Robert Bridge has worked as a journalist in Russia since 1998. Formerly the editor-in-chief of The Moscow News, Bridge is the author of the book, “Midnight in the American Empire.”
 http://rt.com/op-edge/263269-us-politics-fascism-elections/

Published time: May 30, 2015 12:29

U.S. Democratic presidential nominee Sen. Barack Obama (L) (D-IL) and Republican presidential nominee Sen. John McCain (R) (R-AZ) talk during their presidential debate at Hofstra University in Hempstead, New York, October 15, 2008. (Reuters/Gary Hershorn)

U.S. Democratic presidential nominee Sen. Barack Obama (L) (D-IL) and Republican presidential nominee Sen. John McCain (R) (R-AZ) talk during their presidential debate at Hofstra University in Hempstead, New York, October 15, 2008. (Reuters/Gary Hershorn)

 

How does one describe a political system where just two parties control the game, preventing any third ‘factions’ from participation in the elite franchise? There’s just one ugly word for it, and it’s not democracy.

Part1

Most Americans have never heard about the dirtiest secret on Capitol Hill: The Democrat and Republican parties have achieved an iron grip on the reins of power, obstructing any third-party contenders from challenging their authority. This is more of a literal statement than many realize. Third-party ‘factions’ are being denied participation in the presidential debates in order to protect the Establishment’s cozy and very lucrative relationship with corporate power.

How this state of affairs came about is nothing short of astonishing – and not a little treacherous.

America’s bloodless coup d’état of 1987

A funny thing happened on the road to the 1988 presidential campaign between Republican George H.W. Bush and his Democrat challenger Michael Dukakis. Representatives from both campaign camps secretly hatched a “memorandum of understanding” – which was more of a ransom letter – designed to overhaul the rules of the political road.

The new changes put forward by the establishment would determine which candidates could participate in the presidential debates (namely the Democrats and Republicans), which media organizations could attend (only those that could be trusted) and who would serve as debate panelists (thereby controlling the questions).

There was just one problem with this rare display of bipartisan camaraderie on the part of the Democrats and Republicans: the function of setting down the rules and regulations of the presidential debates (surprise!) was not and never meant to be the job of the political contenders. Since 1976, the sole responsibility of organizing the debates had been relegated to the League of Women Voters. And until 1987, they were doing a great job – probably too well.

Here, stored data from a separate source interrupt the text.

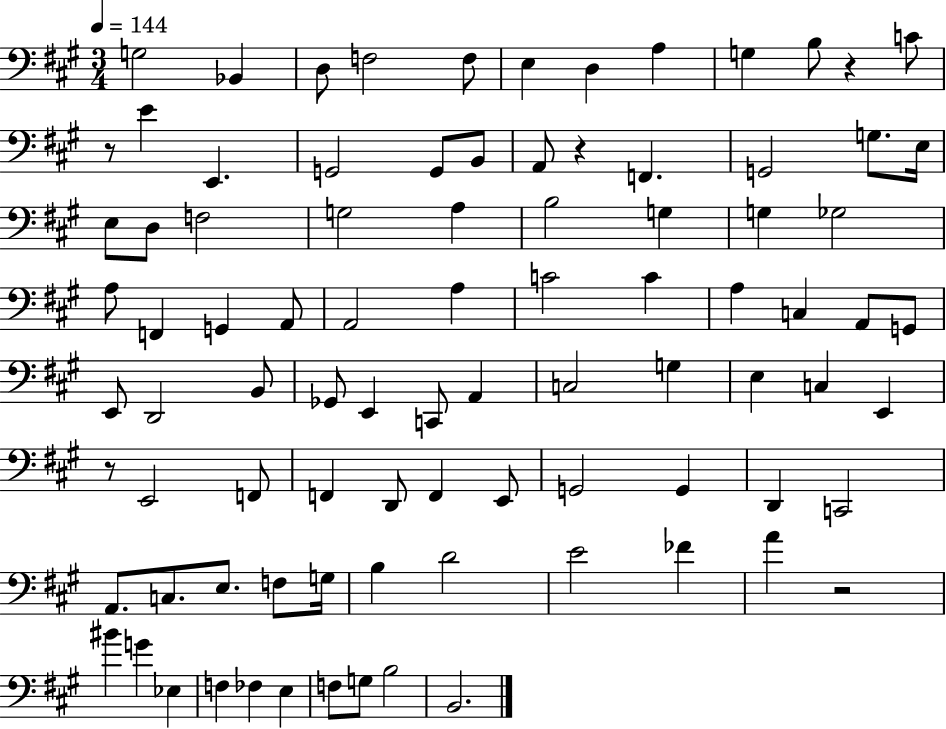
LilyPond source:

{
  \clef bass
  \numericTimeSignature
  \time 3/4
  \key a \major
  \tempo 4 = 144
  g2 bes,4 | d8 f2 f8 | e4 d4 a4 | g4 b8 r4 c'8 | \break r8 e'4 e,4. | g,2 g,8 b,8 | a,8 r4 f,4. | g,2 g8. e16 | \break e8 d8 f2 | g2 a4 | b2 g4 | g4 ges2 | \break a8 f,4 g,4 a,8 | a,2 a4 | c'2 c'4 | a4 c4 a,8 g,8 | \break e,8 d,2 b,8 | ges,8 e,4 c,8 a,4 | c2 g4 | e4 c4 e,4 | \break r8 e,2 f,8 | f,4 d,8 f,4 e,8 | g,2 g,4 | d,4 c,2 | \break a,8. c8. e8. f8 g16 | b4 d'2 | e'2 fes'4 | a'4 r2 | \break bis'4 g'4 ees4 | f4 fes4 e4 | f8 g8 b2 | b,2. | \break \bar "|."
}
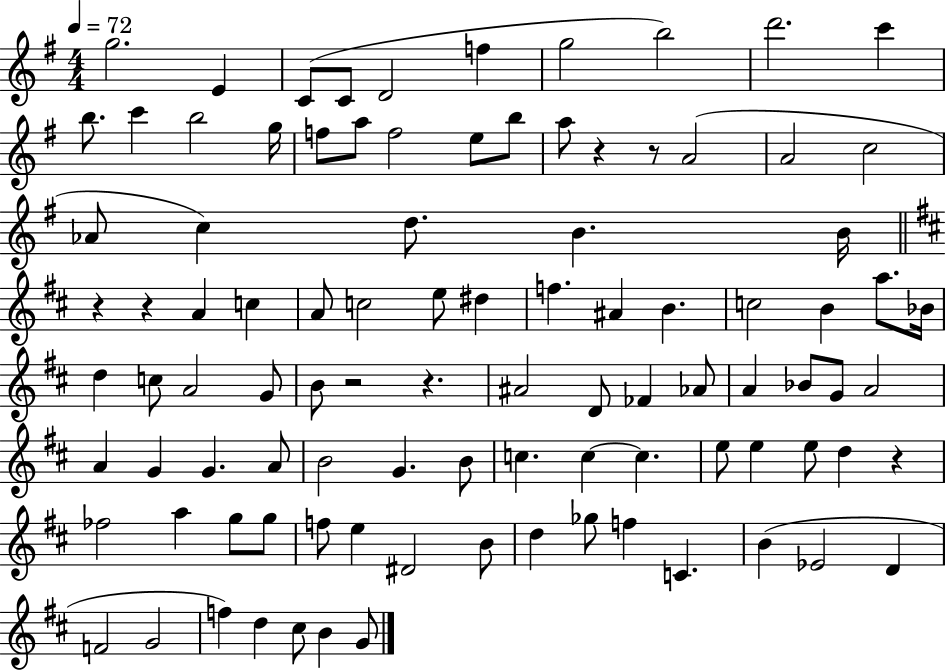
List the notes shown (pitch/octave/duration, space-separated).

G5/h. E4/q C4/e C4/e D4/h F5/q G5/h B5/h D6/h. C6/q B5/e. C6/q B5/h G5/s F5/e A5/e F5/h E5/e B5/e A5/e R/q R/e A4/h A4/h C5/h Ab4/e C5/q D5/e. B4/q. B4/s R/q R/q A4/q C5/q A4/e C5/h E5/e D#5/q F5/q. A#4/q B4/q. C5/h B4/q A5/e. Bb4/s D5/q C5/e A4/h G4/e B4/e R/h R/q. A#4/h D4/e FES4/q Ab4/e A4/q Bb4/e G4/e A4/h A4/q G4/q G4/q. A4/e B4/h G4/q. B4/e C5/q. C5/q C5/q. E5/e E5/q E5/e D5/q R/q FES5/h A5/q G5/e G5/e F5/e E5/q D#4/h B4/e D5/q Gb5/e F5/q C4/q. B4/q Eb4/h D4/q F4/h G4/h F5/q D5/q C#5/e B4/q G4/e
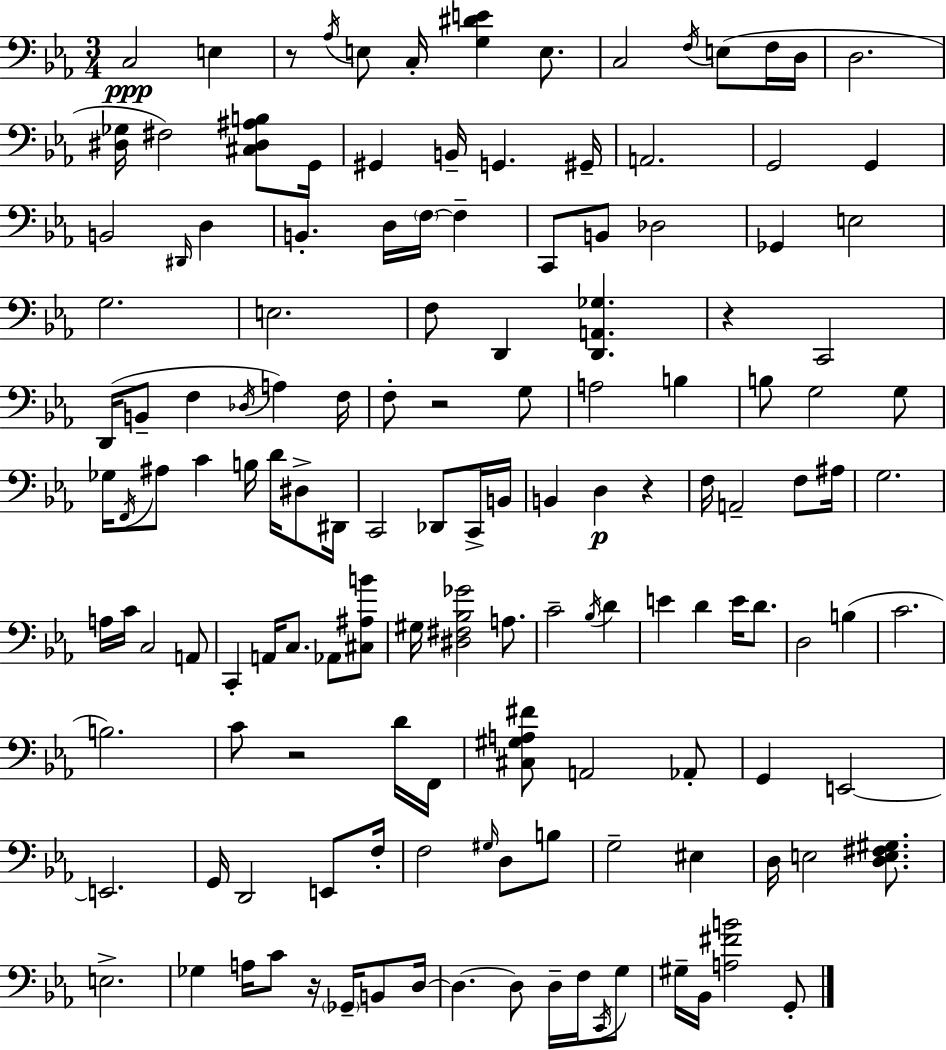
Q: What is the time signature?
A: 3/4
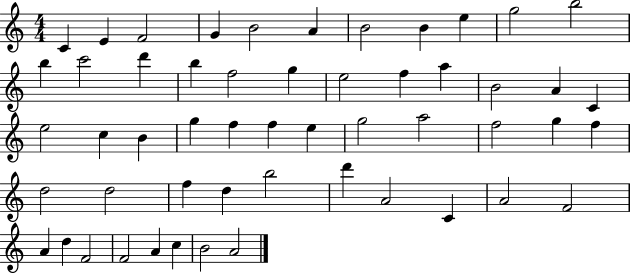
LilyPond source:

{
  \clef treble
  \numericTimeSignature
  \time 4/4
  \key c \major
  c'4 e'4 f'2 | g'4 b'2 a'4 | b'2 b'4 e''4 | g''2 b''2 | \break b''4 c'''2 d'''4 | b''4 f''2 g''4 | e''2 f''4 a''4 | b'2 a'4 c'4 | \break e''2 c''4 b'4 | g''4 f''4 f''4 e''4 | g''2 a''2 | f''2 g''4 f''4 | \break d''2 d''2 | f''4 d''4 b''2 | d'''4 a'2 c'4 | a'2 f'2 | \break a'4 d''4 f'2 | f'2 a'4 c''4 | b'2 a'2 | \bar "|."
}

So imagine the wrath, the very feminine fury, the ladies felt as they were duly delivered a list of demands by the Democrats and Republicans as to how the debates would be organized in the future. Although it would have been one hell of a spectacle had the League put their heels down and declared the elections suspended until the Asses and Elephants backed off, sadly that did not happen. Instead, the ladies politely spewed some harmless venom at the ponderous predators before excusing themselves altogether from the sanitized, dumbed down political reality show.

League President Nancy M. Neuman issued a powerful farewell statement that should have rattled the US electorate to the very bone: “The League of Women Voters is withdrawing its sponsorship of the presidential debate scheduled for mid-October because the demands of the two campaign organizations would perpetrate a fraud on the American voter.”

Neuman continued with a degree of candor not commonly found in the halls of power these days. She urged Bush and Dukakis to “rise above your handlers and agree to join us in presenting the fair and full discussion the American public expects of a League of Women Voters debate.

“The League has no intention of becoming an accessory to the hoodwinking of the American public.”

Connie Rice, a civil rights lawyer and commentator on National Public Radio, said the Democrats and Republicans “hijacked” the debates.

American consumers responded with a collective shrug and a yawn as it switched to the shopping channel with its remote – the last shred of control it seems to enjoy these days.

Since any silence from the electorate is immediately interpreted by politicians as consent, what followed was the hideous transformation of the US political system, now plagued by a disturbing level of nepotism and elitism. Suffice it to say that US babbling heads are still breathlessly wondering whether yet another Bush or Clinton will inherit the throne on Pennsylvania Avenue.

So after the League of Women Voters politely excused themselves from participating in the game of thrones, a brand new organization rose up from the cigarette butts, deflated balloons and empty beer cups. Today, US presidential debates are owned lock, stock and barrel by an officious, priggish gang of Beltway thugs that unabashedly calls itself the Commission on Presidential Debates (CPD), a nonprofit corporation that funds the debates through private contributions from foundations and corporations.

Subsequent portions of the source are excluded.